Input material >>
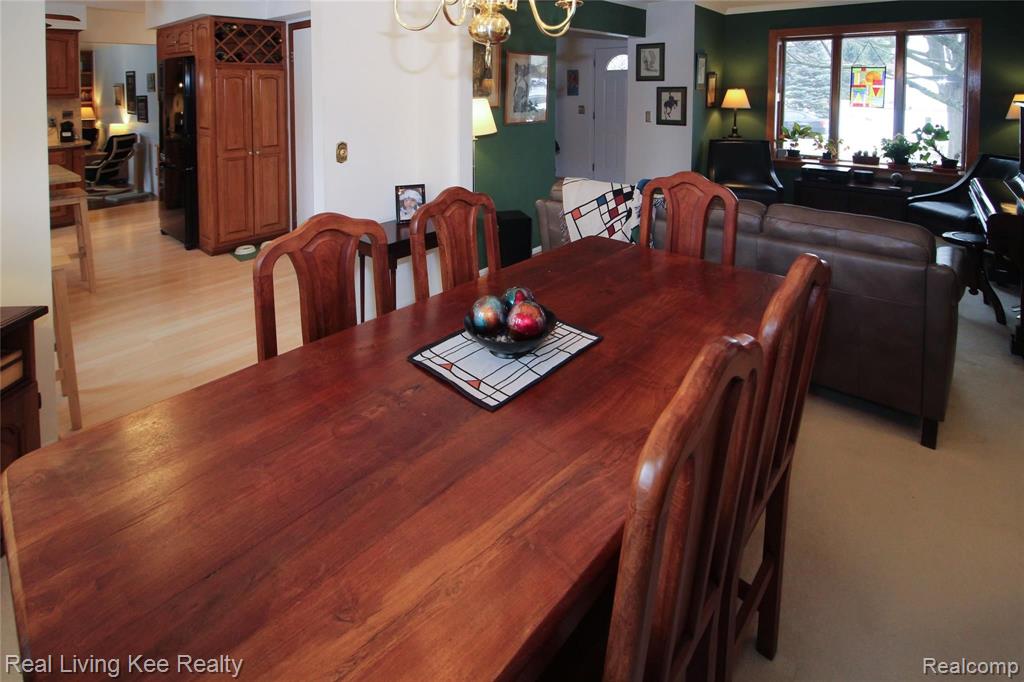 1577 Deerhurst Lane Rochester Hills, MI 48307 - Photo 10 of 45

...

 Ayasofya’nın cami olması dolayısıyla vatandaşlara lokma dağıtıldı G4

--

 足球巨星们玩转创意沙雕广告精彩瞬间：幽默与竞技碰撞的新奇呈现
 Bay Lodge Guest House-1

Description of the task >> Go through the material above and output exactly the lines from the one containing "足球巨星们玩转创意沙雕广告精彩瞬间：幽默与竞技碰撞的新奇呈现" through the one containing "Bay Lodge Guest House-1".

Answer box >>
 足球巨星们玩转创意沙雕广告精彩瞬间：幽默与竞技碰撞的新奇呈现
 Bay Lodge Guest House-1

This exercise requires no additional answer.